May 7, 2009 12:00 am

, NAIROBI, Kenya, May 7 – The country’s deteriorating insecurity status was the subject of Thursday’s Cabinet meeting chaired by President Mwai Kibaki at State House Nairobi.

The Head of State is reported to have expressed concern, particularly over the Mungiki killer gang and other outlawed sects which have lately rendered Kenyans insecure.

“On the agenda was the insecurity caused by Mungiki and other illegal criminal gangs in some parts of the country. The issue was extensively discussed,” the statement stated.

President Kibaki is reported to have ordered all security agencies to be firm in dealing with the sect members who hacked to death some 29 villagers in Karatina district of Central Kenya where Mungiki-related incidents have recorded a soaring record toll.

“The Cabinet ordered all security agencies to deal swiftly and firmly with the gangs,” the official statement from the President’s office stated without elaborating.

Internal Security Minister Professor George Saitoti who heads the security docket was ordered to utilise all available resources in maintaining the country’s security.

Lately, there have been increased cases of execution-style killings mainly targeting prominent businessmen and human rights activists.

Based on reported cases of prominent personalities murdered in the past two months alone and the Karatina massacre three weeks ago, the Ministers at the meeting reportedly charged that the country’s security status was at alarming proportions and demanded an end to it, according to sources privy to the Thursday meeting.

In Parliament, Assistant Minister for Internal Security and Provincial Administration Orwa Ojode was at pains to defend the conduct and ability of police officers, with regards to the Karatina cold-blooded murder of 29 people.

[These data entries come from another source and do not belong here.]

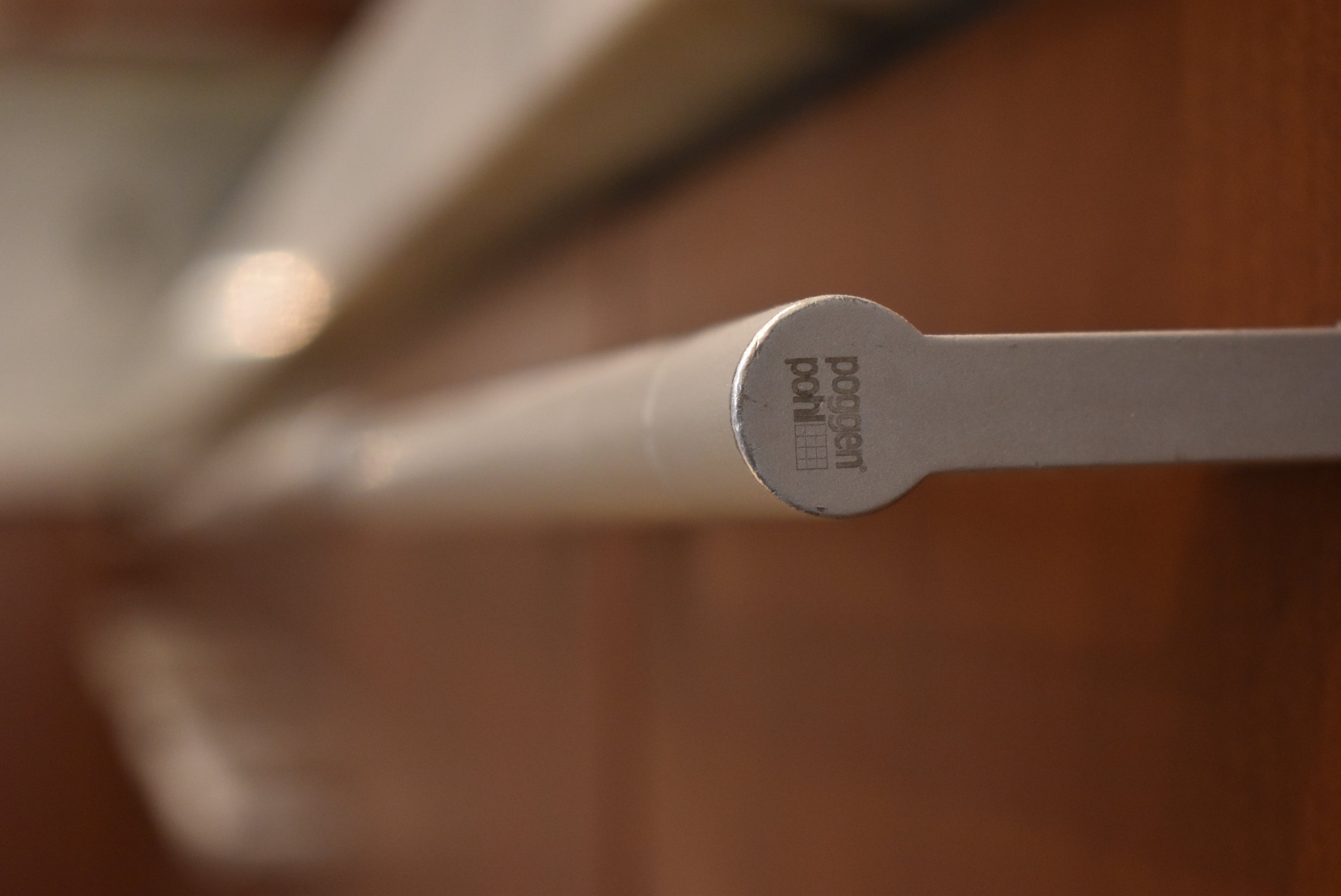 Poggenpohl Brown Toned Transitional Kitchen with Marble Countertops and Appliances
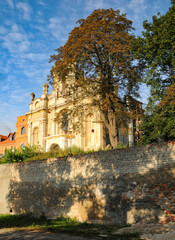 Fototapeta premium Historic Carmelite church in Bilshivtsi, Ukraine, with autumn foliage. The church sits atop a stone wall, bathed in golden sunlight against a blue sky with wispy clouds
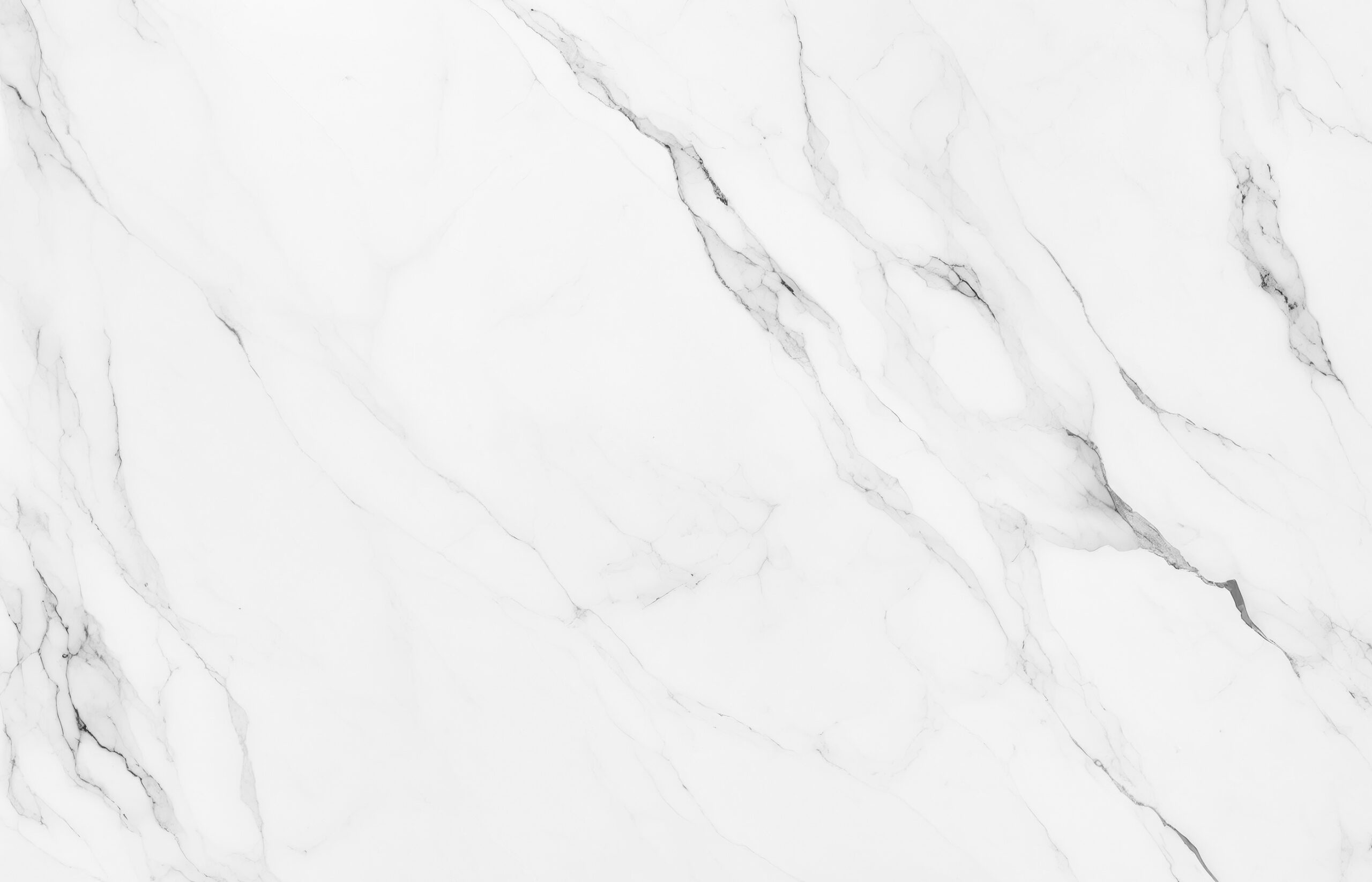 White marble surface with subtle gray veining running diagonally across. The smooth texture and organic pattern create an elegant, natural look. Light and shadow interplay enhances the depth of the veins, giving the marble a polished and refined appearance.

While answering a question by former Justice Minister and Gichugu legislator Martha Karua, Mr Ojode told the House that security had been intensified in all the affected areas in the wake of the Mungiki menace.

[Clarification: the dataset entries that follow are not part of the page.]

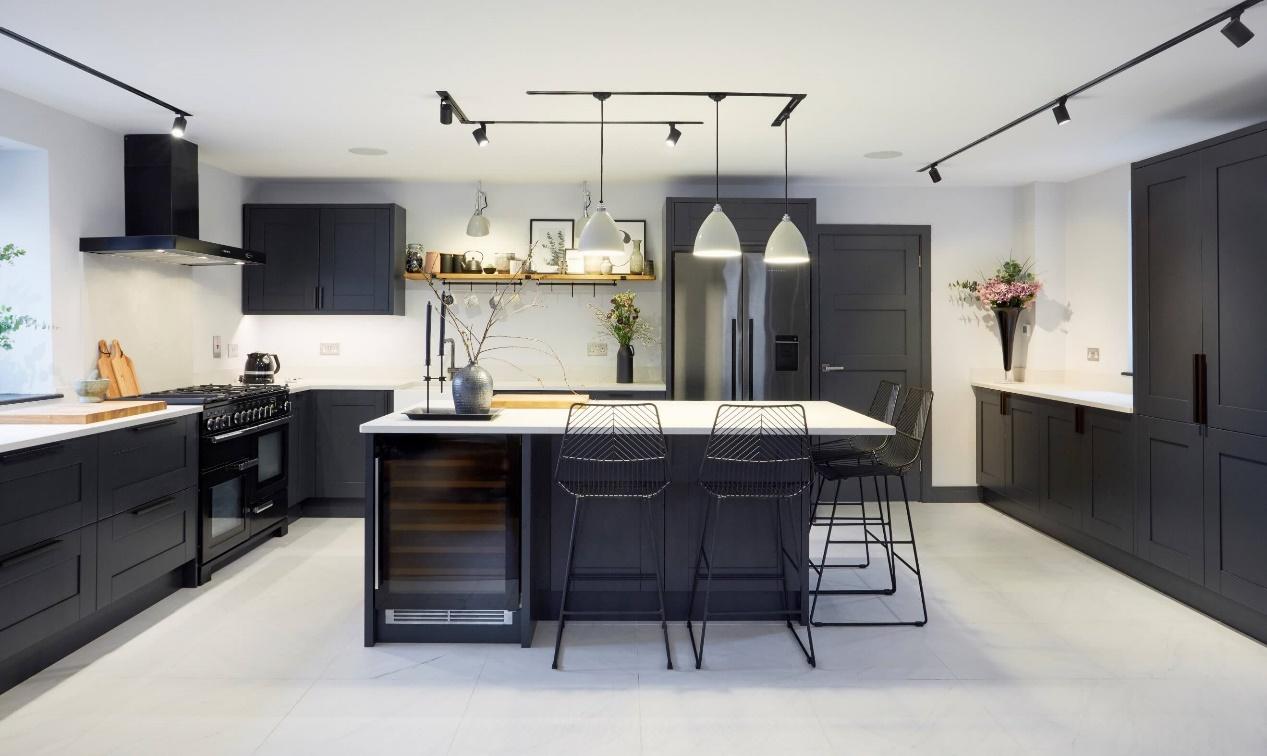 A kitchen with a white island and black chairs

Description automatically generated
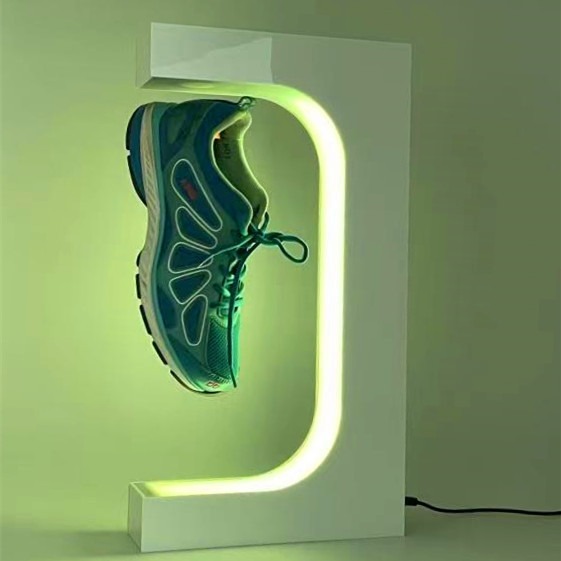 Sneaker lifted inside a lit acrylic frame as a focal point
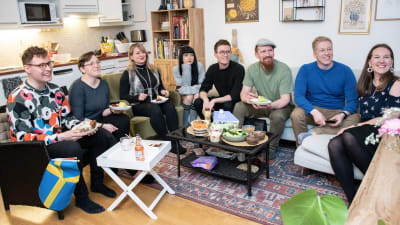 Åtta personer sitter i soffor i ett vardagsrum och ser på tv.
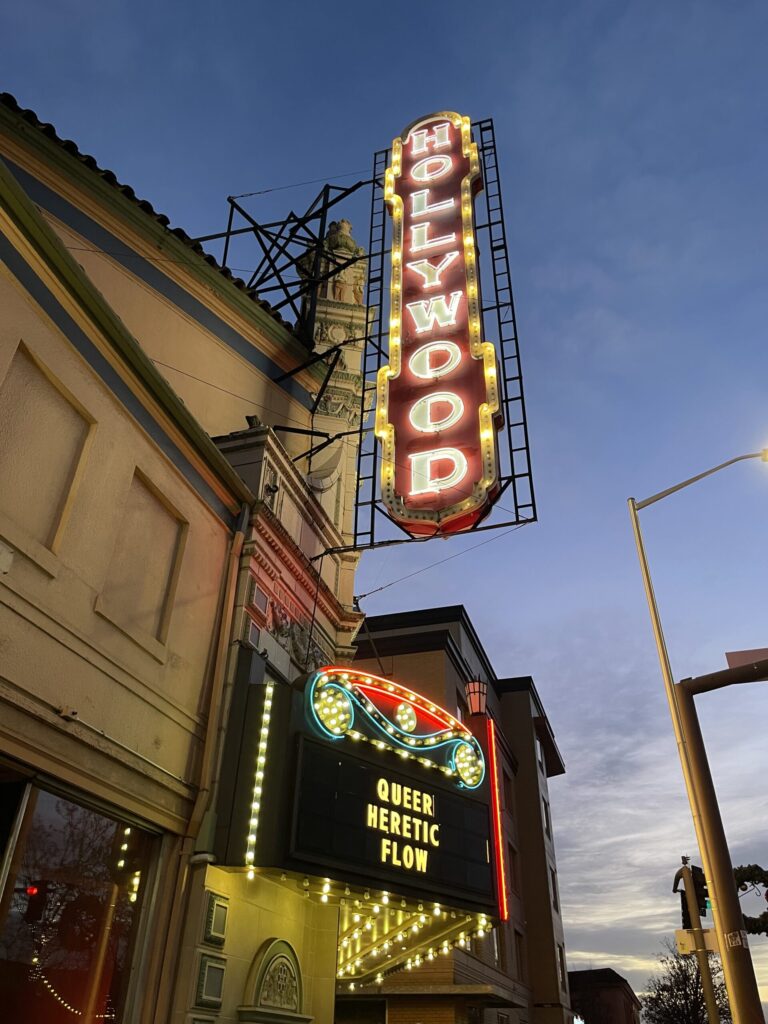 The iconic Hollywood Theater marquee in Portland, OR, advertising then-current showings of the movies "Queer," "Heretic," and "Flow."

Ms Karua had demanded to know why the police did not take action to intercept some of the killer members who are said to have been ferried in motorbikes to Karatina district the day the massacre occurred, yet they passed through roadblocks.

“The police are doing a very good work, in fact, many of the suspects who committed the heinous murders have been apprehended and some of them have already been charged in court. Action is being taken,” Mr Ojode said.

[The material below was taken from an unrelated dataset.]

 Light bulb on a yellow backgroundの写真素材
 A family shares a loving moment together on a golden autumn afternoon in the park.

It was the second day the issue of insecurity in the country was being discussed extensively in Parliament where majority of the legislators agreed unanimously that Kenyans were unsafe.

A week ago, the Internal Security Minister announced a major crackdown targeting Mungiki sect leaders had been launched and even vowed to name and shame some of the political and business leaders linked with the gang.

Little has been heard from his office on the name-and-shame threat, more than a week since the announcement was made.

The self-confessed Mungiki flounder and chairman Maina Njenga who was successfully contested a five-year jail term slapped on him from gun possession and Marijuana was arrested soon after the acquittal and is yet to be produced in court.

Sources told Capital News that the sect leader is being held at the Jomo Kenyatta International Airport, Kajiado and Machakos police stations where officers keeps shuffling him to avoid any contact with his family and legal representatives keen to see and advice him.